*Problem to work on*:
Retype the line where "IKEA boekenkasten Billy" appears and each line that follows it down to the last line of the records below. Leave the pictures out.

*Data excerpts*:
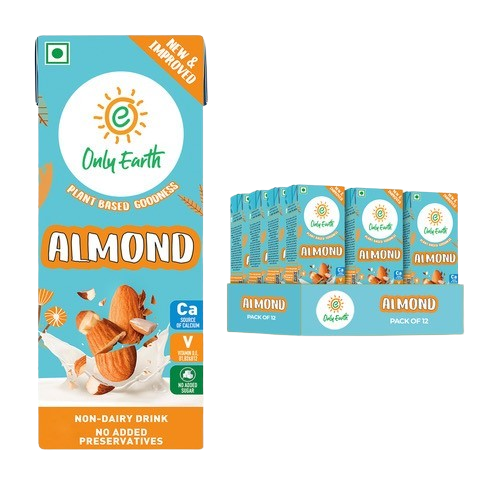 Almond Milk 180 ml Multipack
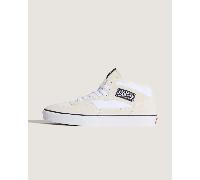 Vans - Half Cab Decon Schuhe, Herren, Weiß, Größe: 39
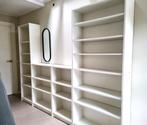 IKEA boekenkasten Billy 4 stuks kastenwand, Ophalen, Met plank(en), Gebruikt, Íkea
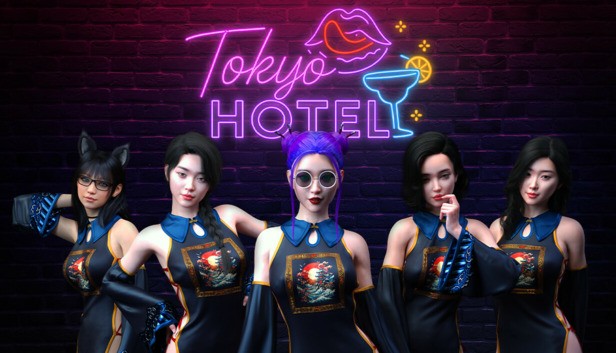 Tokyo Hotel [Goldberg]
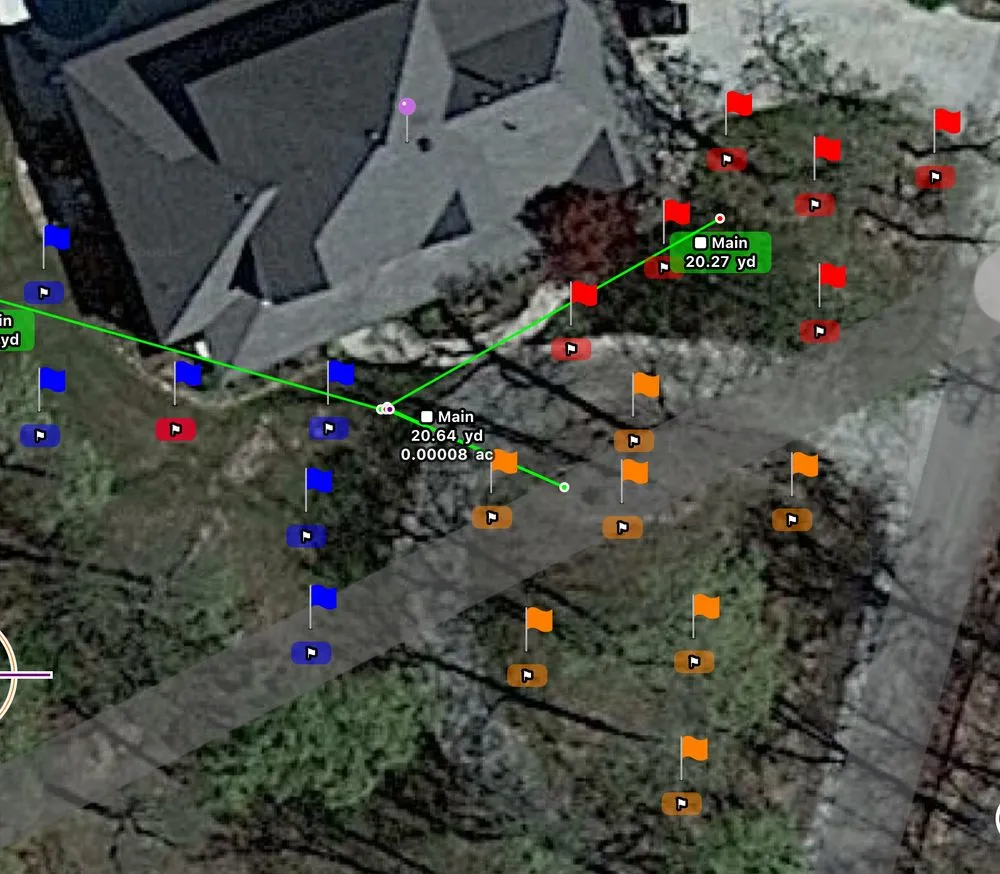 Custom yard maintenance in Oklahoma City, OK - Red River Landscaping and construction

*Task solution*:
 IKEA boekenkasten Billy 4 stuks kastenwand, Ophalen, Met plank(en), Gebruikt, Íkea
 Tokyo Hotel [Goldberg]
 Custom yard maintenance in Oklahoma City, OK - Red River Landscaping and construction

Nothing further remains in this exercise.